[Note: This piece was intended for publication at Free Market News Network. However, they're doing a big-time -- and very nice -- remodel, including email address changes, and I haven't been able to reach my editor via email or the site contact form ... and the longer an article of mine sits around unpublished, the less I like it and the more I want to tinker with it. So, y'all get it first ... and Earth to Mark, drop me a line! - TLK]
My first piece for FMNN was an entry in the "Is China growing freer than the West?" contest. I held then -- as I hold now -- that the answer is "no" -- that the Chinese Communist Party retains an iron authoritarian grip on the country and that it has no intention of loosening that grip.
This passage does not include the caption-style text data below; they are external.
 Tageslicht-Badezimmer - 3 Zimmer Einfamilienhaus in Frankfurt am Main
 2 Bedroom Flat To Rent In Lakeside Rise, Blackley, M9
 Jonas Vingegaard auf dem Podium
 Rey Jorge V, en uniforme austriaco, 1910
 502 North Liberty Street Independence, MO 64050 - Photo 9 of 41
One issue I ignored in the piece (as not relevant to its main thrust) was the bearing China's increasingly powerful "private sector" economy has on world affairs and on the prospects of future conflict. However, this is a factor which the US ignores at its peril.
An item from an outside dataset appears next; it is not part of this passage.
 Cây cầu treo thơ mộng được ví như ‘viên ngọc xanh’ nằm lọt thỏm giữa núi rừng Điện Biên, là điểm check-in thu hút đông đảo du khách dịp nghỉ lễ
One of the most important facts on the table is that the "free market" economy in China is no such thing. It's not even as mixed a bag as in the US, where "public-private partnerships" and other market-state entanglements increasingly prevail. The "private sector" in China is a fairy tale based on force and fraud. It consists of leveraging Western innovation and venture capital into slave labor enterprises, then using the Chinese share of the resulting profits to modernize the Chinese military and prop up a command economy with the equivalent of a perpetual blood transfusion.
When American consumers buy cheap Chinese goods from American retailers, they insert a vital link into the long chain of transactions by which Western capital is converted into Chinese military might and Chinese Communist Party political dominance.
With the profits generated by its laogai forced labor camp system, the Chinese government is modernizing the People's Liberation Army, building a blue water navy, and even reaching for the stars.
If the connection seems tenuous, it isn't: Until the mid-1990s, the People's Liberation Army directly owned most industrial enterprises in the People's Republic. Since then, a faux "transition to the private sector" has taken place as direct PLA ownership has been replaced with "ownership" and management by "retired" PLA senior officers. The revenue stream has had a link added to it, as the PLA now receives increased "direct" state funding instead of taking profits directly, but it's not too difficult to figure out from whence that state funding is derived. The "privatization" of enterprise in China is mostly smoke and mirrors.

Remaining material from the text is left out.